We are still looking for a home for Baxter. We have not received any applications or inquiries from the ones we were told were out there looking. Please everyone keep Baxter in ming-he is a great dog that needs a home.


----------



## eadavis (Nov 11, 2007)

*Re: Baxter, Princeton WV Male GS*

Please don't forget about Baxter.


----------



## eadavis (Nov 11, 2007)

*Re: Baxter, Princeton WV Male GS*

Baxter still needs help of course. Any exposure we can get for him would be great. We were of the understanding several people had applicants interested in a young male and we have not received any so we are of course, concerned for Baxter. Thanks everyone for trying to help him--he is very, very sweet.


----------



## Borrelli21 (Oct 16, 2007)

*Re: Baxter, Princeton WV Male GS*

Do you have any current pictures of him?
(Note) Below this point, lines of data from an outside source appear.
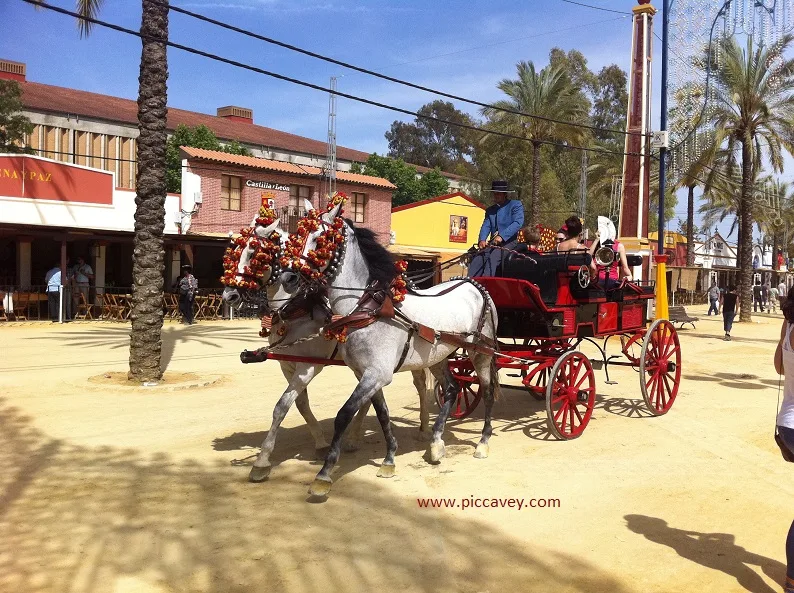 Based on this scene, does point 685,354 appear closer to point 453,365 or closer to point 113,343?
point 453,365

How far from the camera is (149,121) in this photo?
11.5 meters

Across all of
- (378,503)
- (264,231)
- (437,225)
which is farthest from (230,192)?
(378,503)

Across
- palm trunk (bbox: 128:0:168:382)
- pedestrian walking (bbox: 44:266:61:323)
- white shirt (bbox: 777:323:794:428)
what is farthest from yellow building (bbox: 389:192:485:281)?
white shirt (bbox: 777:323:794:428)

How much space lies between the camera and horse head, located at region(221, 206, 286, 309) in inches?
245

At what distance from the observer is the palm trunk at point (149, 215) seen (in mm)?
11328

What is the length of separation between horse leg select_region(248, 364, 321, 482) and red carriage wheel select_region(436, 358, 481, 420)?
2.47m

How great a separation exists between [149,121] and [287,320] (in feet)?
21.1

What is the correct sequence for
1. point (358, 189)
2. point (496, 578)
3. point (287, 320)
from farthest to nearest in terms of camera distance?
point (358, 189) → point (287, 320) → point (496, 578)

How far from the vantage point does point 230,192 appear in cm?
3014

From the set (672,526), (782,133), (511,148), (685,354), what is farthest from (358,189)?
(672,526)

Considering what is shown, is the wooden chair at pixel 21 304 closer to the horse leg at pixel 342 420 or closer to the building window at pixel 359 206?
the building window at pixel 359 206

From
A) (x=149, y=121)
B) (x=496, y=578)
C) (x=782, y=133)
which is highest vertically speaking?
(x=782, y=133)

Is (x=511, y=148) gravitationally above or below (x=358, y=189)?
above

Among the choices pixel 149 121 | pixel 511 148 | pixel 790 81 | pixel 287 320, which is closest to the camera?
pixel 287 320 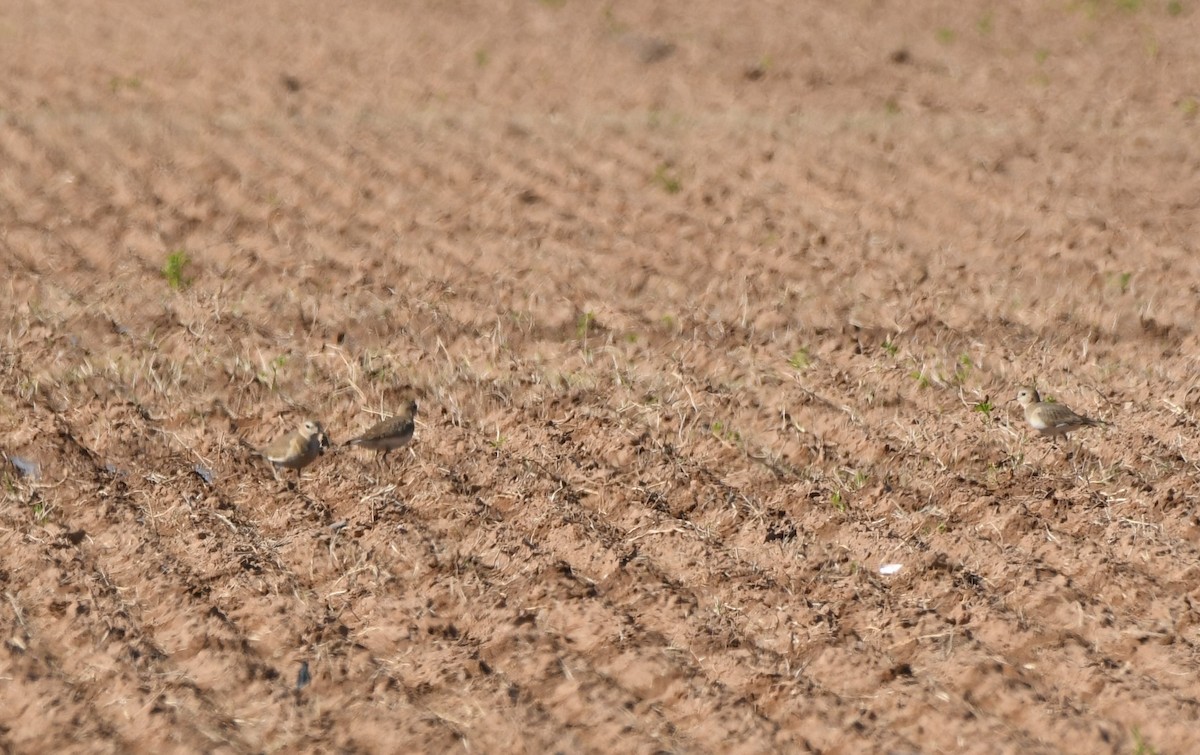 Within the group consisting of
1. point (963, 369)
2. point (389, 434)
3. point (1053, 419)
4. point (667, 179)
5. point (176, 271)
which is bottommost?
point (963, 369)

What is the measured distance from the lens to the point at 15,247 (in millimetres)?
8586

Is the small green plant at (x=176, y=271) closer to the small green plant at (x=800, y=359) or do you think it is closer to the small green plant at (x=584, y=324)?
the small green plant at (x=584, y=324)

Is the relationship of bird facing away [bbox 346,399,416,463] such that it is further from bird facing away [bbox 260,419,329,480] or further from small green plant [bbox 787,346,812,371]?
small green plant [bbox 787,346,812,371]

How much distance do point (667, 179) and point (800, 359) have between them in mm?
2968

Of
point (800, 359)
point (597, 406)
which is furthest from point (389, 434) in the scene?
point (800, 359)

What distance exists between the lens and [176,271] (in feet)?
27.0

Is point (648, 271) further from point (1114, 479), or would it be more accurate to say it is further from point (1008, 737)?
point (1008, 737)

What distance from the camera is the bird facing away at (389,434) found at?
20.9 ft

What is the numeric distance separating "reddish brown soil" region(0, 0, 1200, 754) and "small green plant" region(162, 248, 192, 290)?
42 mm

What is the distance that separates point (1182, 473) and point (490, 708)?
385 centimetres

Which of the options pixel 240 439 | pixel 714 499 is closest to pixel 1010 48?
pixel 714 499

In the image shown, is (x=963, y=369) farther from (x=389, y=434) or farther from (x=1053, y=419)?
(x=389, y=434)

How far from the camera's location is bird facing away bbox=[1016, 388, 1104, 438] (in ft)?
21.4

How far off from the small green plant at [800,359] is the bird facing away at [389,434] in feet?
7.67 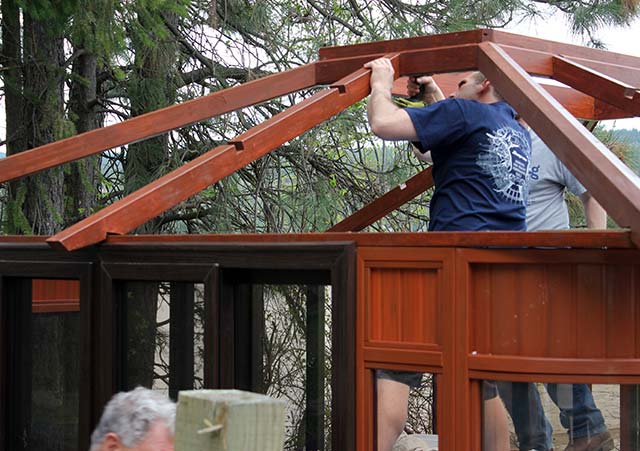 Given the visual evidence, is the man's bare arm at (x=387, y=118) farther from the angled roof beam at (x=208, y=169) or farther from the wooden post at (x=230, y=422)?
the wooden post at (x=230, y=422)

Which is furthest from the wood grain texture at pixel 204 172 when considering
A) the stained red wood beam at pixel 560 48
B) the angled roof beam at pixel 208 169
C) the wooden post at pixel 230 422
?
the wooden post at pixel 230 422

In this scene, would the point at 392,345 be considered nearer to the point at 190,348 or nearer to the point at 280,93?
the point at 190,348

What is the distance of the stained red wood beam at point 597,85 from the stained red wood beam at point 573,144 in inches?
12.7

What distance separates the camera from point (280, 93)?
454 cm

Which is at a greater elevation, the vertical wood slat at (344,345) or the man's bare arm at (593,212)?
the man's bare arm at (593,212)

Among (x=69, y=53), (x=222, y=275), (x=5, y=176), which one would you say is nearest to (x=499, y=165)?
(x=222, y=275)

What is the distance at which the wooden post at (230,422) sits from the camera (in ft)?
5.41

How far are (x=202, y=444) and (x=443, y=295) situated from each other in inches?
59.4

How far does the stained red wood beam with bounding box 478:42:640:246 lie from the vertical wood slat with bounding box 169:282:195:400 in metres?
1.27

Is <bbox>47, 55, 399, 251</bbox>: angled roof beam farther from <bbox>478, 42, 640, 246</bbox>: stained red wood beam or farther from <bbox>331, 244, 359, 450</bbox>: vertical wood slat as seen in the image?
<bbox>331, 244, 359, 450</bbox>: vertical wood slat

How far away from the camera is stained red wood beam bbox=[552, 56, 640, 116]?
383cm

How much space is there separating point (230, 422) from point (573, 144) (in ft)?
6.19

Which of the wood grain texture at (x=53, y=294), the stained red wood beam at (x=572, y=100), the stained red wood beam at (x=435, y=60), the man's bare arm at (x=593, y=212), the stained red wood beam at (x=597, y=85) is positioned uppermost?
Result: the stained red wood beam at (x=572, y=100)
The only one on this thread I am sure does not show off his beauty and charm!


----------



## eadavis (Nov 11, 2007)

*Re: Baxter, Princeton WV Male GS*

He is gorgeous. I have asked Donna to get new pictures so they can be posted. He is such a nice boy and we really want to find a home for him.


----------



## eadavis (Nov 11, 2007)

*Re: Baxter, Princeton WV Male GS*

Have to keep this boy close to the top. Here is his petfinder link with new pictures:

http://www.petfinder.com/petnote/displaypet.cgi?petid=12297877


----------



## marksmom3 (Dec 17, 2007)

*Re: Baxter, Princeton WV Male GS*

You can see how cute Baxter really is in his new pictures.


----------



## eadavis (Nov 11, 2007)

*Re: Baxter, Princeton WV Male GS*

Thanks J Marks-I technologically impaired-Baxter is very sweet and gets along well with other dogs.


----------



## Borrelli21 (Oct 16, 2007)

*Re: Baxter, Princeton WV Male GS*

He is SO adorable with those big ears- I cannot believe he is still there!


----------



## eadavis (Nov 11, 2007)

*Re: Baxter, Princeton WV Male GS*

We can't either Wendy. He is so cute and has a great personality.


----------



## brt (Sep 16, 2008)

*Re: Baxter, Princeton WV Male GS*

Love the new picture. Baxter is adorable and needs


----------



## eadavis (Nov 11, 2007)

*Re: Baxter, Princeton WV Male GS*

Keep this boy at the top. Transport to NJ is available this weekend. Same goes for the Gaston girls-Savannah and Bette we have named them.


----------



## TESS (Oct 29, 2008)

*Re: Baxter, Princeton WV Male GS*

Three cheers for Baxter - let's get him a home!!
Tess in Philadelphia


----------



## eadavis (Nov 11, 2007)

*Re: Baxter, Princeton WV Male GS*

Hi guys-the adopter wasn't sure what they wanted so Baxter, Savannah, and Bette still need help.


----------



## Hilary (Apr 12, 2005)

*Re: Baxter, Princeton WV Male GS*

Petfinder says adopted !


----------



## TESS (Oct 29, 2008)

*Re: Baxter, Princeton WV Male GS*

Is that true eadavis?
Tess in Philadelphia


----------



## eadavis (Nov 11, 2007)

*Re: Baxter, Princeton WV Male GS*

Yes-Baxter went to a great home on Tuesday evening-I just heard from them yesterday and they say Baxter is doing very well. Now we still have Savannah and Bette who are anxiously waiting for their homes.


----------



## TESS (Oct 29, 2008)

*Re: Baxter, Princeton WV Male GS*

Great on Baxter and glad to hear all of your work worked!!
Tess in Philadelphia


----------



## RebelGSD (Mar 20, 2008)

*Re: Baxter, Princeton WV Male GS*

Wonderful news!!! I am so happy about Baxter having a good home for the holidays.


----------



## Bouchillon (Sep 15, 2007)

*Re: Baxter, Princeton WV Male GS*

Bump for Baxter. Hoping he has found his forever family.


----------